Emmanuel Levinas : faire retraite dans le poème
Levinas propose dans ce texte une méditation sur Celan. Ce dernier appartient au cercle fermé de ceux qui, avec Agnon, Buber, Derrida, Jabès, Kierkegaard, Proust, habitent l’auteur. Il leur prête au besoin ses propres interrogations. Car à travers eux la tension de la pensée reste vive et ne cesse d’être en ébullition parfois tragique.
Tous proposent des élans vers l’autre. Mais Celan plus que les autres. L’autre est ce « tiers » énigmatique rencontré autant Sur le chemin de la vie (titre de la préface de Michaux) que sur celui de l’œuvre dans son désir d’atteindre la totale altérité en dépit d’une incommunicabilité dont ni Levinas ni l’objet de son étude ne sont dupes. Pour le premier, le second a su ne pas opter pour le faux risque du récit. Il a préféré une logique de la métamorphose sans pour autant caresser le « temps pur » cher à Proust.
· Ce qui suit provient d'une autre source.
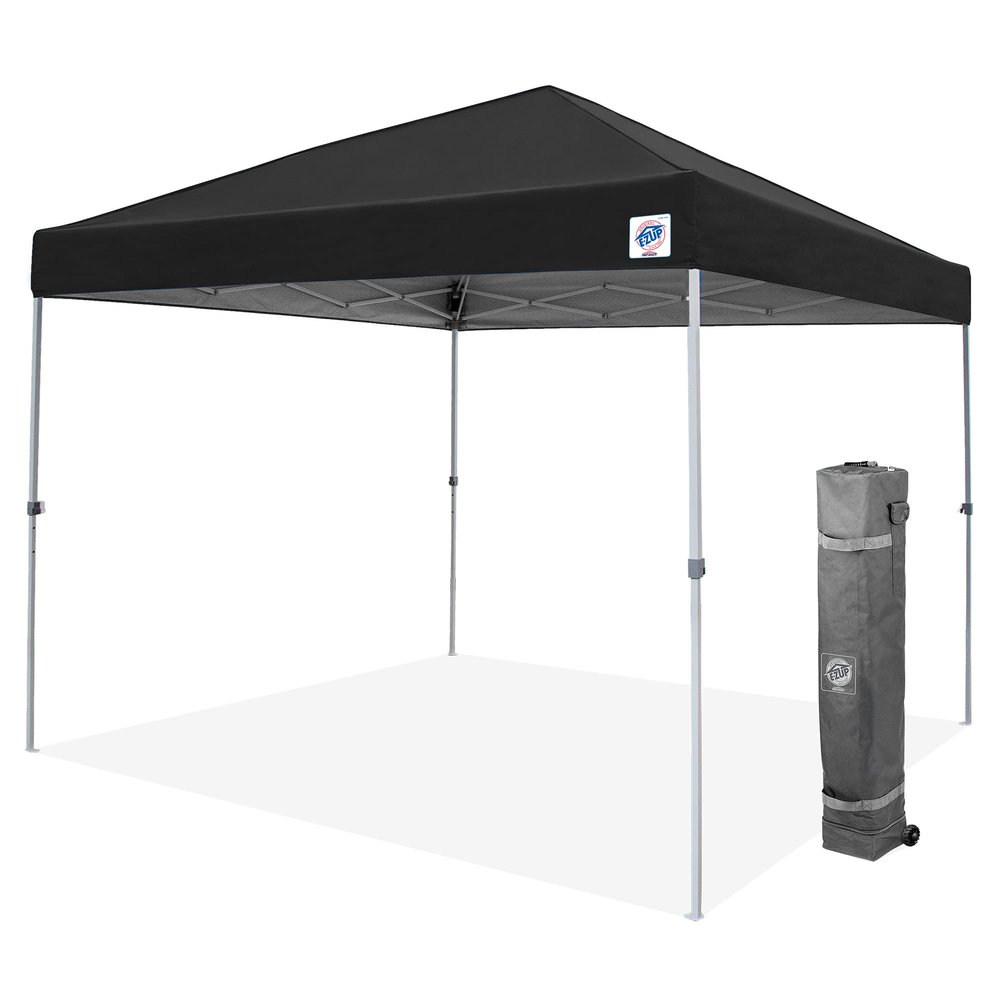 E-Z UP Patriot ONE-UP Technology Shelter, 10' x 10', Black (PTSBK10)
Levinas a pu capter chez Celan une expérience existentielle majeure par le poème et l’expérience du langage qu’il implique dans son autrement dire et son autrement être.
Le penseur trouve chez Celan un approfondissement à la séparation parfois quelque peu tranchante et « simple » que la philosophie se plaît à caresser — et dont la sienne n’est en autres lieux pas exempte. Il découvre une percée de l’ambiguïté et de l’ « insinuation» au sens quasi « physique » du terme. Levinas pour qui à la fois la relation à autrui est essentiellement langage, l’éthique inséparable de la parole, la transcendance accomplie dans le discours, saisit chez le poète des propositions plus complexes, car le phénomène d’écriture ne s’y réduit pas à un hégélianisme.
La « surface du dire » est donc plus abyssale que les mots peuvent le laisser « penser » lorsqu’ils se contentent de la rationalité discursive ou philosophique et qu’à l’inverse ils se rapprochent de ce que Mallarmé avait déjà établi : « l’accomplissement du langage coïncide avec sa disparition, où tout se parle mais où la parole n’est plus elle-même que l’apparence de ce qui a disparu ». Celan traite de cette « dissimulation » de l’incommunicable et de la manifestation d’une nuit qui finira par emporter le poète. Celan trouve donc un moyen d’approfondir l’échange. Et son livre devient un hommage à la dette qu’il doit au Créateur.
jean-paul gavard-perret
Emmanuel Levinas, Paul Celan, de l’être à l’autre, préface d’Henri Michaux, lavis d’Alexandre Hollan, Editions Fata Morgana, Fontfroide le Haut, 2018, 48 p.